REQUIRED ACTION:
Could you reproduce the line where "Devouring Realm Chapter" occurs and all lines after it in the listing below, through the final one, without changing anything?

DATA FOR PROCESSING:
★ ★ ★

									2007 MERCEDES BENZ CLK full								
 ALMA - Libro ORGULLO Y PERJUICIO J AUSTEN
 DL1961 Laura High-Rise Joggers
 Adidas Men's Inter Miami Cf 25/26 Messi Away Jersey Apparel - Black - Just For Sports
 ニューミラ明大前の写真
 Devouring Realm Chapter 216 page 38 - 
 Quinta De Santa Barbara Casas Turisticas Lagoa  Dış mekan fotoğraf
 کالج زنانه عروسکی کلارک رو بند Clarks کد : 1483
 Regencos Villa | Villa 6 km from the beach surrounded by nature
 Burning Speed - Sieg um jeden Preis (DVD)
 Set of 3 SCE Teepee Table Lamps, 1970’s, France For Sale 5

★ ★ ★

SOLUTION:
 Devouring Realm Chapter 216 page 38 - 
 Quinta De Santa Barbara Casas Turisticas Lagoa  Dış mekan fotoğraf
 کالج زنانه عروسکی کلارک رو بند Clarks کد : 1483
 Regencos Villa | Villa 6 km from the beach surrounded by nature
 Burning Speed - Sieg um jeden Preis (DVD)
 Set of 3 SCE Teepee Table Lamps, 1970’s, France For Sale 5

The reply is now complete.